Though those early 19th Century ideas are a long way from the reality of the “magnificent desolation” that Apollo astronauts found on the Moon, you can see the supposed logic of Herschel, which was basically to say, what is the point of a world being created if not to be lived on! So needless to say, Venus was thought to be home to “millions of sentient and intelligent beings—perhaps far superior in dignity to man”, while observations of Mars showed “strong presumptive proof that this planet is an inhabited world, and destined to afford existence and happiness to numerous orders of beings.”

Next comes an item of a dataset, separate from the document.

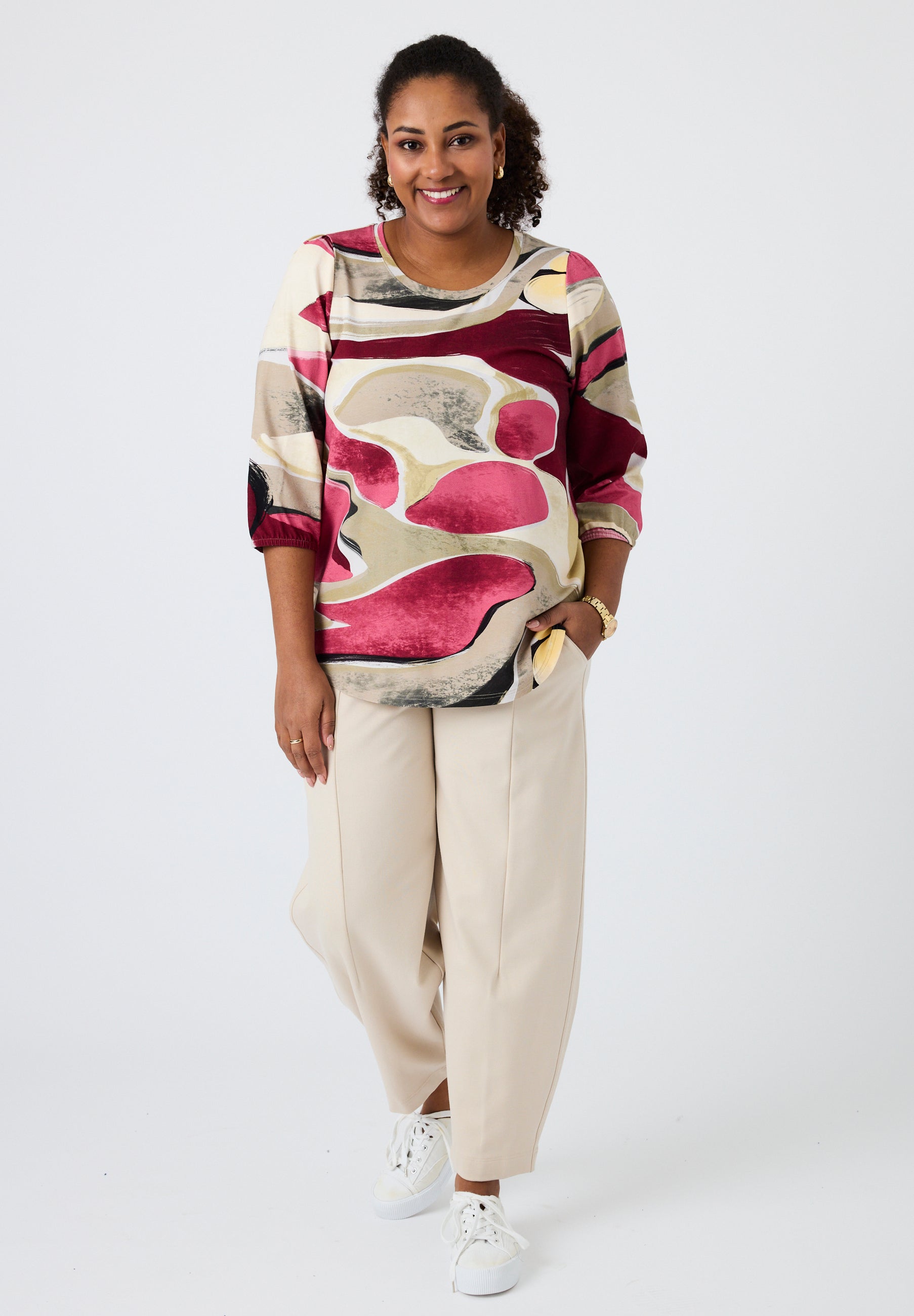 Pont Neuf PNDette Bluser 6620 Dark Pink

Similar ideas were expressed a lot earlier by an Italian friar called Giordano Bruno when he travelled Europe in the 16th Century. He was ahead of his time, as he not only embraced Copernicus’s heliocentric model of the Universe, but also believed that planets surrounded all stars and were probably inhabited. Again, he had no special advance knowledge of exoplanets, he was simply applying what he saw as common sense. Such outspokenness cost him dear because he was burned at the stake, after several years in prison, for refusing to recant his views.